Months of protests in Hong Kong are taking an increasing toll on the city’s economy, with retail sales forecast to decline for a seventh month in August.
The protests and the police response — both of which are becoming more violent — have slammed the tourism industry, with visits from mainland China down 42% in August. That collapse has affected shops and the hotel industry, with retail sales forecast to have fallen 14% in August from a year ago and hotel occupancy rates sliding to 66% from 94% in August 2018.
Luxury goods such as jewelry and watches are common purchases by mainland tourists, and the value of those sales slid almost a quarter in July. As the protests drag on and tourists and shoppers stay at home, retailers are having staff take unpaid leave, with some reportedly planning layoffs. Meanwhile, some landlords are slashing rents
The unrest in Hong Kong is dragging down the luxury industry globally, and brands are re-examining their presence in the city, said analysts.

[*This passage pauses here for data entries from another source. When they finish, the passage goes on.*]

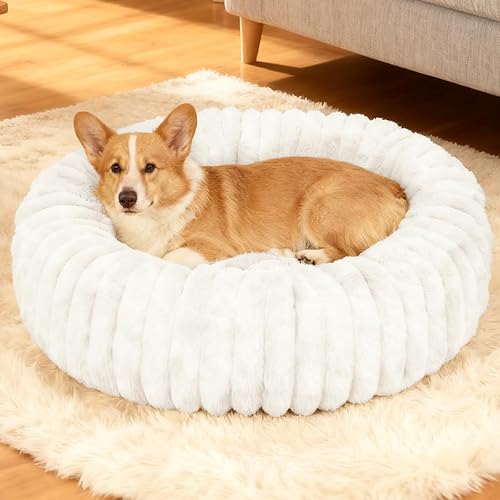 Miniatura 15 de Cama lavable para perros y gatos pequeños, cama redonda calmante y antiansiedad en forma de dona, bonita cama para gatos de interior, camas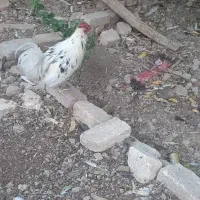 فروش مرغ گلین وخروس وبوقلمون واردک اسرائیلی|حیوانات مزرعه|پیر بکران, |دیوار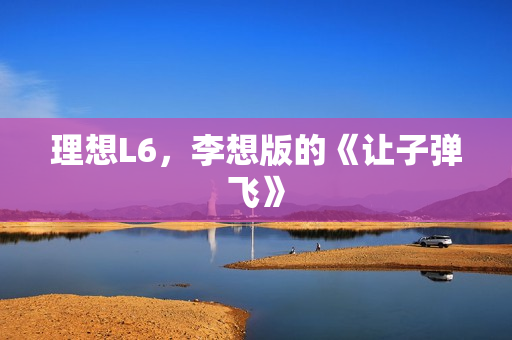 理想L6，李想版的《让子弹飞》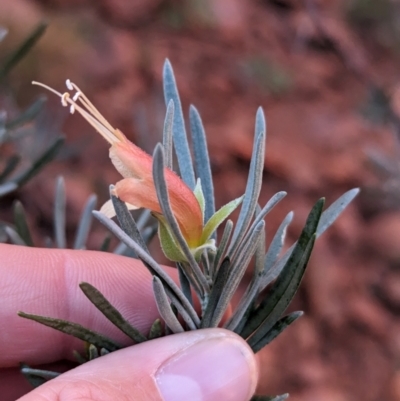 Eremophila latrobei (Crimson Turkey Bush) at Uluru-Kata Tjuta - 11 May 2024 by Darcy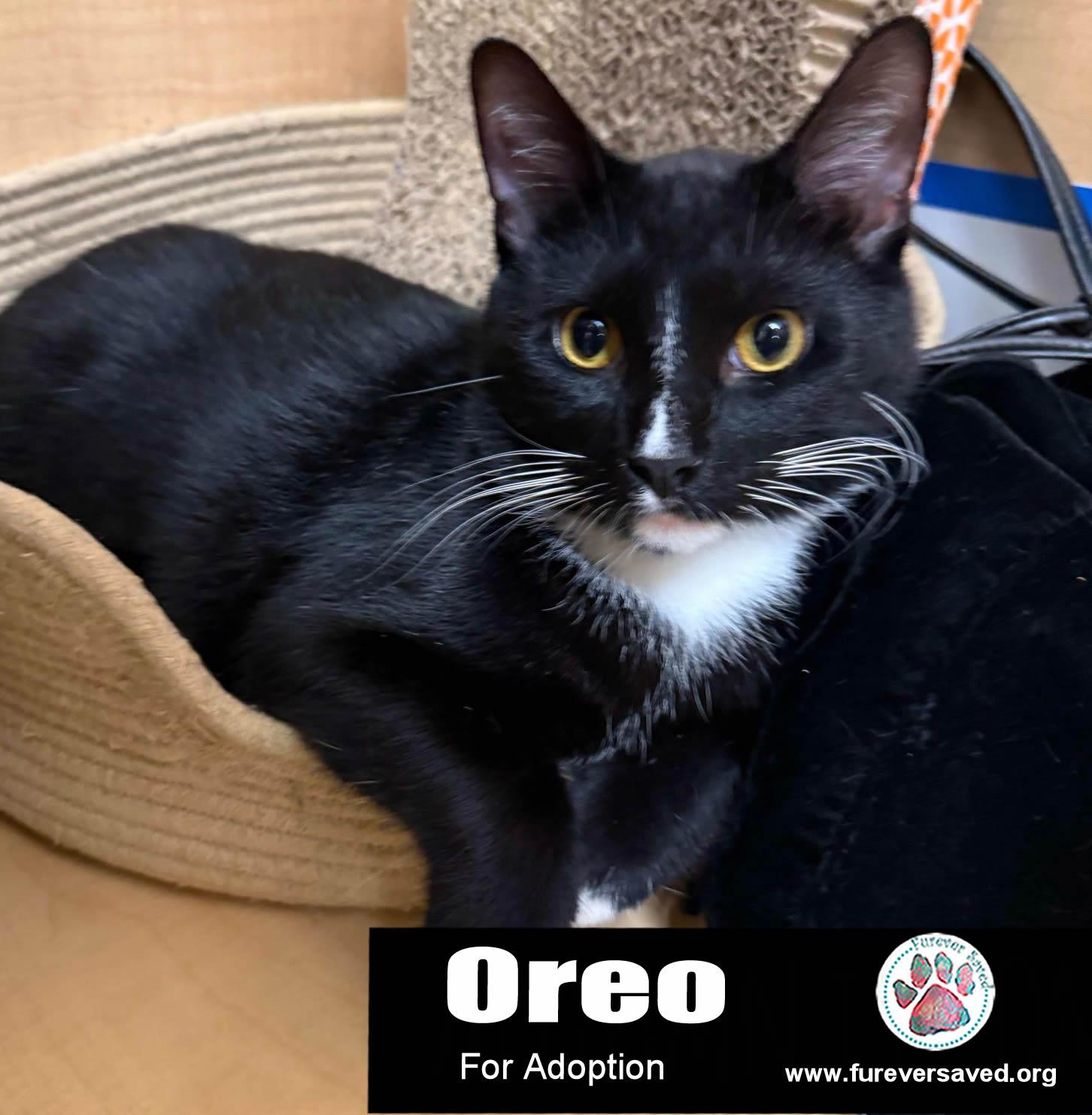 A young medium-sized male Black & White / Tuxedo Domestic Short Hair cat named Oreo for adoption in Miami, FL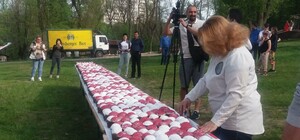 Из пасхальных кексов: в Днепре установили новый гастрономический рекорд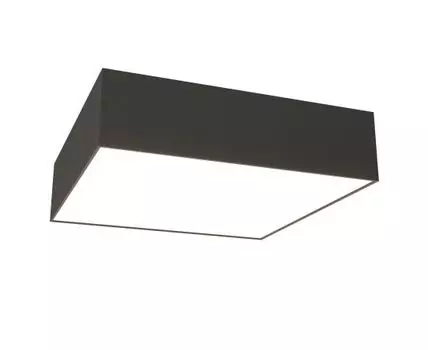 Потолочный светильник Maytoni Zon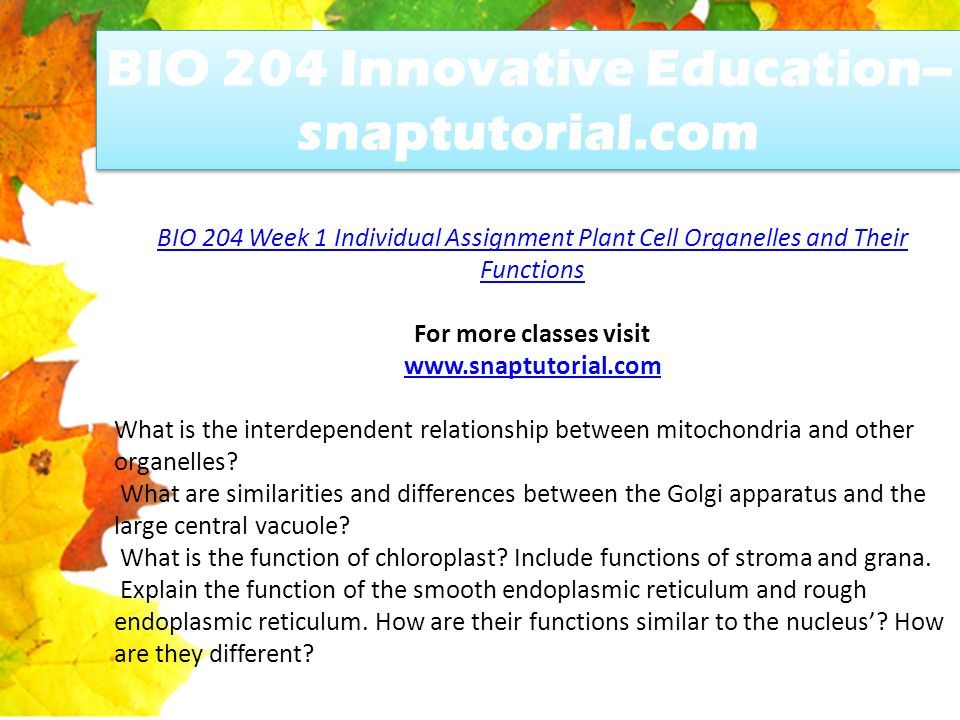 Bio 204 innovative education snaptutorial ppt download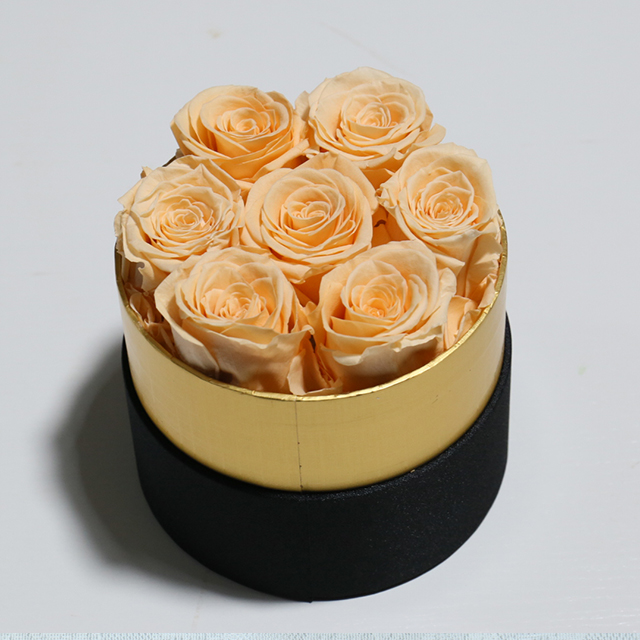7 champagne roses in round box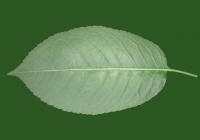 Free Cherry Tree Leaf Texture 13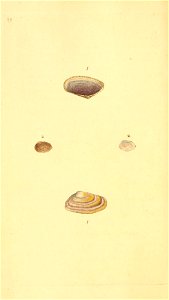 n151_w1150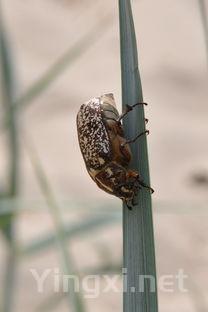 冬虫夏草香烟细支多少一包的简单介绍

Bain & Co now sees the global luxury sector growing this year at the low end of the 4% to 6% range, according to analyst Claudia d’Arpizio, while RBC Capital Markets analyst Rogerio Fujimori estimates that most brands will suffer a sales drop in Hong Kong of between 30% and 60% during the third quarter.
The city’s days as a luxury hub are numbered, said Jefferies Ltd. analyst Flavio Cereda, and brands are likely to rethink their presence there. Prada SpA is leading the exodus and plans to close its largest Hong Kong location in Causeway Bay after its lease expires next year.

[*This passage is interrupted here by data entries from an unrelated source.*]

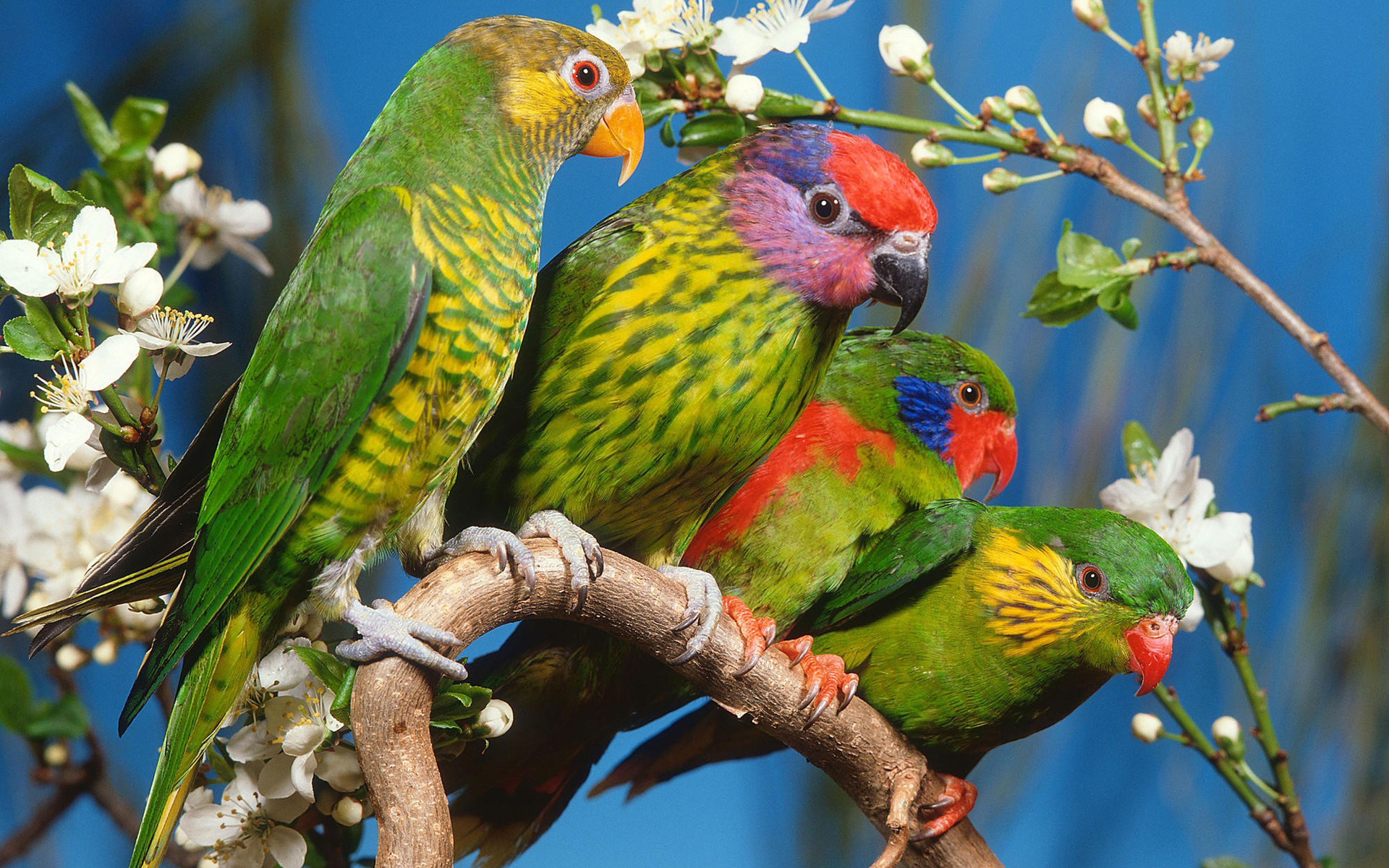 Free download wallpaper Animal, Parrot on your PC desktop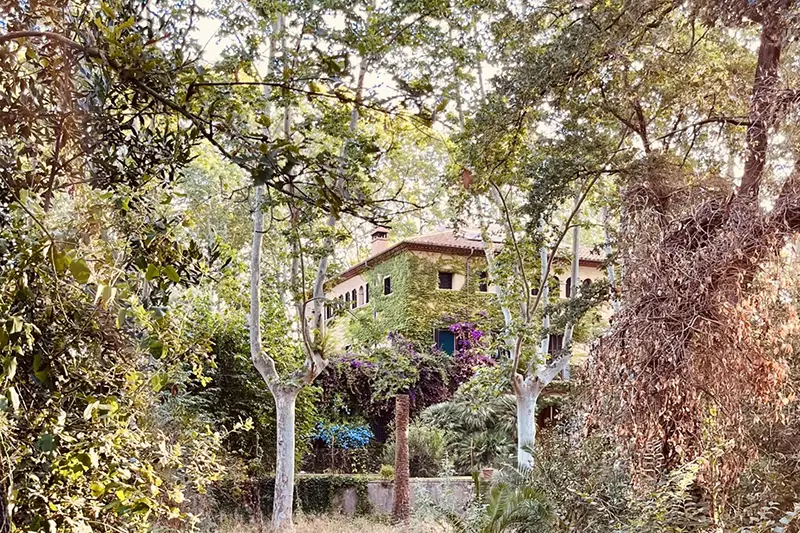 CCdF-Residency-house-in-forest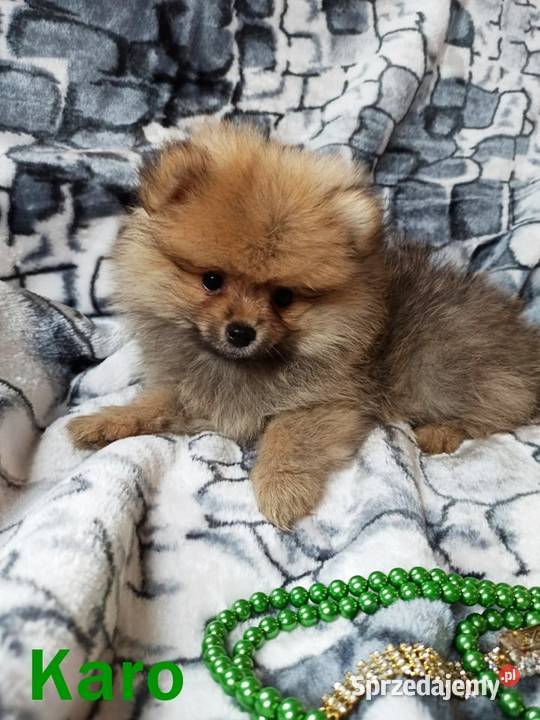 Szpic Miniaturowy Idealne Perełki Różne Kolory Nysa sprzedam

“Hong Kong is a disaster, like for everybody” said Miuccia Prada, the company’s designer and co-CEO, in an interview after a runway show in Paris on Tuesday.
The Italian company is shifting some marketing investments from Hong Kong to mainland China in the hopes of making up some of the lost sales there, said Lorenzo Bertelli, Prada’s son who is the company’s head of digital communication.